Baseline vs promotional sales · grouped bar
Daily units in normal weeks vs promotion weeks.
Revenue & margin by discount depth · dual axis combo
Revenue keeps rising, margin turns over, the crossover point is the sweet spot.
Discount depth vs incrementality · scatter / bubble
Each bubble is a campaign; x = discount, y = incremental lift, size = revenue.
Incremental revenue by campaign · diverging bar
Revenue above the modeled baseline, red campaigns barely broke even.
Price split: cost, margin & discount · 100% stacked bar
How each discount depth carves up the selling price.
Margin distribution by discount tier · box plot
Spread of product level margin in each tier, the box is the middle 50%, whiskers the range.
The question
A retailer ran frequent promotions but didn't know which ones actually paid off. Were discounts driving real incremental sales, or handing margin to people who would have bought anyway? And how deep can a discount go before it stops being worth it?
How I did it
- Built a baseline of normal sales in Python from the weeks with no promotion, adjusted for season and day of week, so I had something honest to compare against.

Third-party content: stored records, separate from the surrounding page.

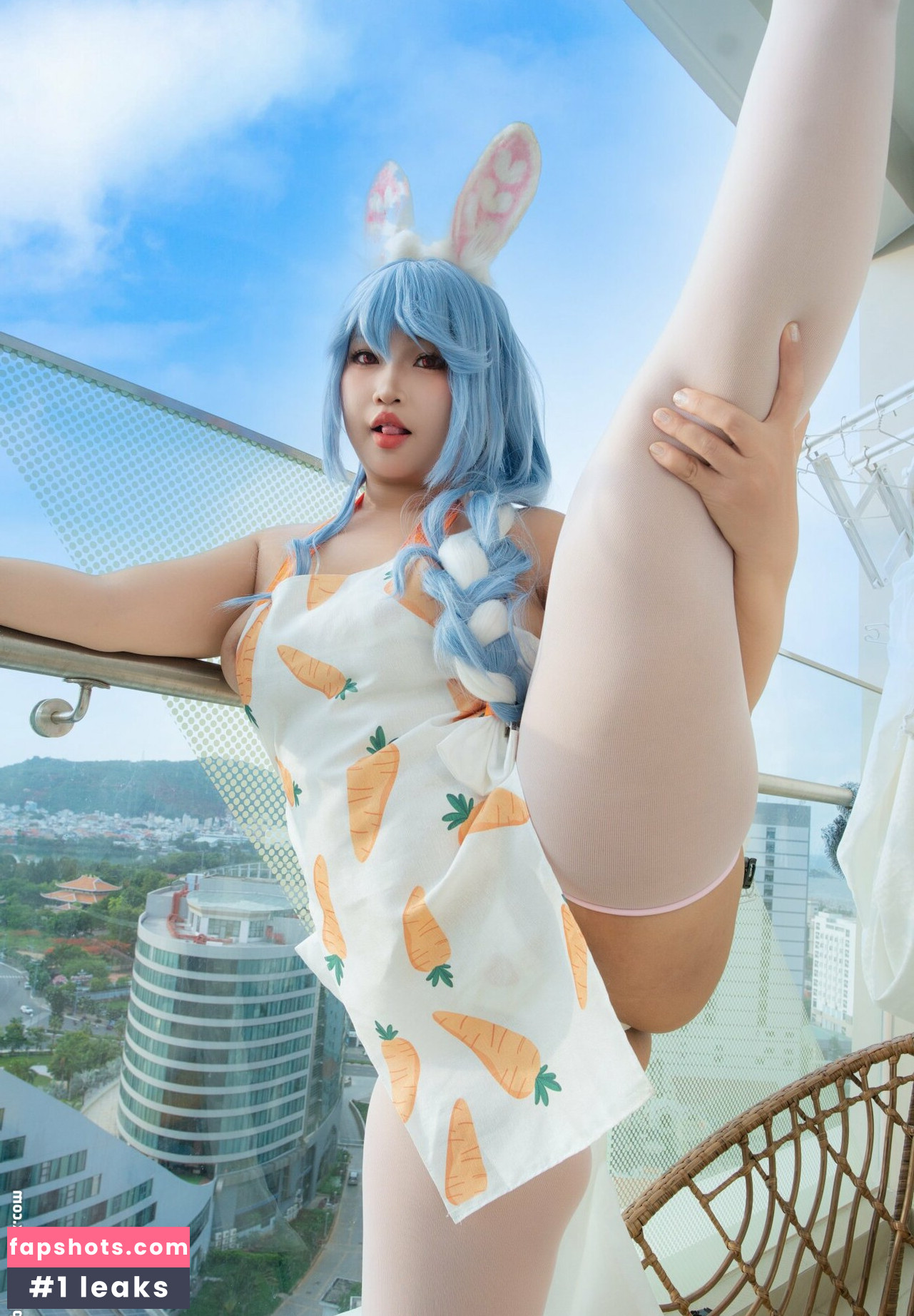 Monica Wos Nude Leaks OnlyFans Photos #2 - LeakJerk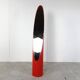 Unghia Mirror by Rodolfo Bonetto, Italy 1970s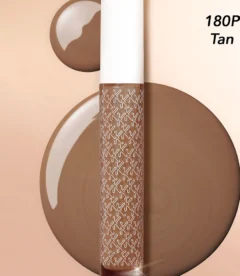HD Liquid Concealer 1g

- Measured the real lift as promotion sales minus that baseline, which stops me crediting a discount for sales that would have happened anyway.
- Compared revenue and margin across discount depths with Excel pivot tables, and used a 100% stacked view to show how the price splits into cost, margin and discount.
- Dropped every campaign onto a bubble chart by discount depth, lift and revenue to see the winners and the duds at a glance.
What the analysis found
- Discounts beyond ~15% kept lifting volume but started destroying margin faster than they added revenue.
- Some recurring promotions had almost no incrementality, they mostly subsidised existing demand.
- Seasonal campaigns timed to demand peaks delivered the strongest 3.4× volume lift at healthy margin.
Recommendation: Cap everyday discounts around 15%, retire the two weak recurring promos, and concentrate budget on seasonal peaks. Modeled effect: similar top line with materially better blended margin.
Tools
Excel · Python · Pivot tables · Visualization dashboard
▸Built on a simulated retail sales dataset so I can walk through the promotion and lift method openly.